***** Task material *****

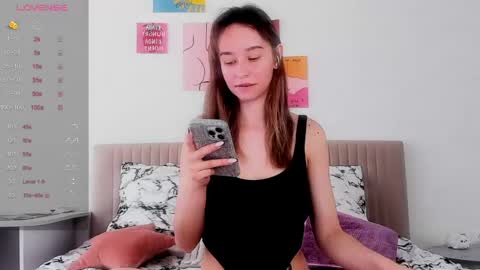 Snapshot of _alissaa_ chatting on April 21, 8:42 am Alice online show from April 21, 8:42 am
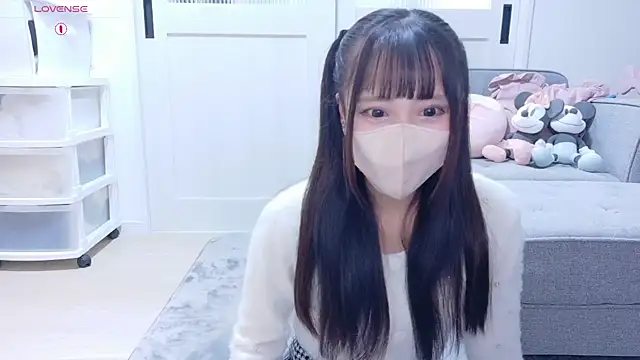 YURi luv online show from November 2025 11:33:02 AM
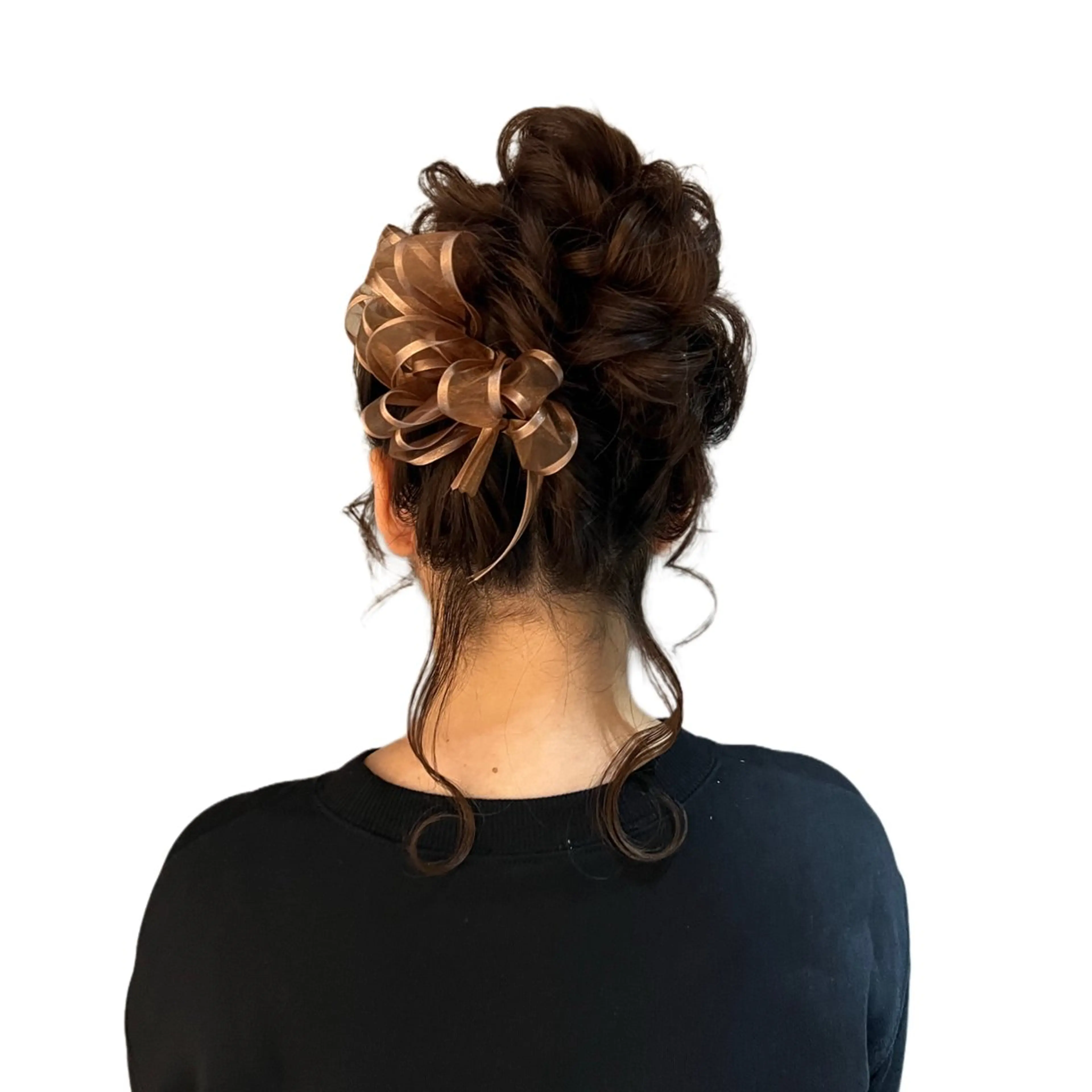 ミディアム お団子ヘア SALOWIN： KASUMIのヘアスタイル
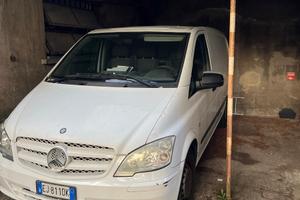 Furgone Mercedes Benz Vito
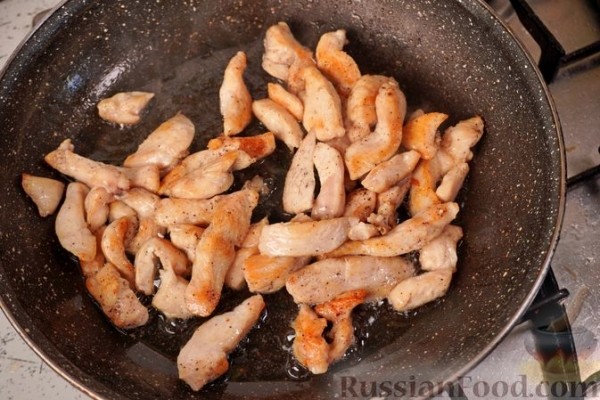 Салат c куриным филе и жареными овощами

*****

What you need to do: Copy the records above exactly, leaving out every picture.

Response area:
 Snapshot of _alissaa_ chatting on April 21, 8:42 am Alice online show from April 21, 8:42 am
 YURi luv online show from November 2025 11:33:02 AM
 ミディアム お団子ヘア SALOWIN： KASUMIのヘアスタイル
 Furgone Mercedes Benz Vito
 Салат c куриным филе и жареными овощами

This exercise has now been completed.